| PhD Seminar


Name of the Speaker: Ms. Shivani Bathla (EE17D037)
Guide: Prof. Vinita Vasudevan
Venue: ESB-234 (Malaviya Hall)
Date/Time: 19th January 2024 (Friday), 11:00 AM
Title: Incremental Build-Infer-Approximate (IBIA): A novel framework for approximate inference in probabilistic graphical models

Abstract

Exact inference in probabilistic graphical models (PGM) is intractable and has an exponential dependence on the size of the largest clique in the corresponding clique tree (CT), necessitating approximations. Existing methods for approximate inference either use sampling based methods or use iterative message-passing algorithms, which are slow to converge for many benchmarks.
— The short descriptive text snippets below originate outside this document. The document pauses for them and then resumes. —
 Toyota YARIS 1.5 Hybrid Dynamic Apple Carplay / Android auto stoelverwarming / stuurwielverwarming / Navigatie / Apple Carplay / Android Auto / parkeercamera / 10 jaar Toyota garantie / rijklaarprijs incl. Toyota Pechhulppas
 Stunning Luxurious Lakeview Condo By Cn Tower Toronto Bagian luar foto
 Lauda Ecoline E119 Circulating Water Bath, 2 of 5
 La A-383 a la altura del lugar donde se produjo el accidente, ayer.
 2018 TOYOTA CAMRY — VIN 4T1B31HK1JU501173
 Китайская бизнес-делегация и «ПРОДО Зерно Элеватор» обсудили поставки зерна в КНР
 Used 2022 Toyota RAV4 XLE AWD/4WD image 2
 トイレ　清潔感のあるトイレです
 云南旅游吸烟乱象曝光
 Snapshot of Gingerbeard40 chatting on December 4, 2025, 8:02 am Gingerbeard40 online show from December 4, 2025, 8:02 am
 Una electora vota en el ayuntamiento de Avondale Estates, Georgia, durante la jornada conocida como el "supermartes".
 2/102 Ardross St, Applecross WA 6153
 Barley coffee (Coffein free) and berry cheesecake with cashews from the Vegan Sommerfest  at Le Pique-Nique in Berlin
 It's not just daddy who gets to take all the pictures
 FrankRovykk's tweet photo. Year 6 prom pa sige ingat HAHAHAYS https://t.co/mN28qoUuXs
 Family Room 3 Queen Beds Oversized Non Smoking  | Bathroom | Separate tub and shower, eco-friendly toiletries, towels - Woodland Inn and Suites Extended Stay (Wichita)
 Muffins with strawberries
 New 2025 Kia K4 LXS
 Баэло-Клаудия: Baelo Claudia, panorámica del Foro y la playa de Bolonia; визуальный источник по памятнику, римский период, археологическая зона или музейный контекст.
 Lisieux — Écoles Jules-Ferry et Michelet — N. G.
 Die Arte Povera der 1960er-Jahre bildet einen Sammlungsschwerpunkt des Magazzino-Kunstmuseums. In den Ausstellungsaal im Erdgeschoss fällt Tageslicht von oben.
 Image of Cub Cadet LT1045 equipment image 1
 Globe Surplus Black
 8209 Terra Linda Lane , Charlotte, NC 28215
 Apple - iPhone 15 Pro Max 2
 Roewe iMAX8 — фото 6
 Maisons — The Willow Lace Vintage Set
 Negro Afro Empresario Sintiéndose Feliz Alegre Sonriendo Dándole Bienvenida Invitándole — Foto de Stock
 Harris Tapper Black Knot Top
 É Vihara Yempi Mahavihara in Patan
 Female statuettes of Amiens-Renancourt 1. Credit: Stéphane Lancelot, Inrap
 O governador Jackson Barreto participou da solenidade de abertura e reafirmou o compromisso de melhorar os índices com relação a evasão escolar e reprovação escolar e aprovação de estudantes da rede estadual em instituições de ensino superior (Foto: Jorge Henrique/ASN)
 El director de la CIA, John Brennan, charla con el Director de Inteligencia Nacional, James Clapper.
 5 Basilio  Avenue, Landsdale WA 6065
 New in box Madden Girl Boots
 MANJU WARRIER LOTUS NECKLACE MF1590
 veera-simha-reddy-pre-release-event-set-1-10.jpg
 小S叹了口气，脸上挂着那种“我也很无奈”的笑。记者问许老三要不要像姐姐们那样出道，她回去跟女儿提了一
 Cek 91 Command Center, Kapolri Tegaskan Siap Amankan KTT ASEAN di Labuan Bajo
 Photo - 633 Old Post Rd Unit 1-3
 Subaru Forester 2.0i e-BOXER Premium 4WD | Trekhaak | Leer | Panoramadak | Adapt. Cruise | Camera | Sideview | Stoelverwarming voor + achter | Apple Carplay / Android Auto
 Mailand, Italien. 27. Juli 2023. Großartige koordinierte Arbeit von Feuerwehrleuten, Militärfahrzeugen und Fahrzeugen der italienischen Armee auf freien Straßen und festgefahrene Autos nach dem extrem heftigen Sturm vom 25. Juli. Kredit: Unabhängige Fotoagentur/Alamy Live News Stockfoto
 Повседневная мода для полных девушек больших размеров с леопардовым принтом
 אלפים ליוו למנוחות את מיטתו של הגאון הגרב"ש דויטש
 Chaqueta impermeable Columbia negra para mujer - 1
We propose an alternative approach for approximate inference based on an incremental build-infer-approximate (IBIA) paradigm which converts the PGM into a sequence of clique tree forests (SCTF), each with bounded clique sizes. We propose algorithms for the inference of two fundamental queries namely, partition function and posterior marginals, using the SCTF generated by IBIA. In this seminar, I will present the results obtained using the proposed algorithm for inference of partition function and posterior marginals using the IBIA framework. The framework was evaluated using several benchmark sets from recent UAI competitions. It was also used for the estimation of output error rate and circuit error rate in large digital circuits. The results show that our method gives either better or comparable accuracy than the state-of-the-art methods, with competitive runtimes.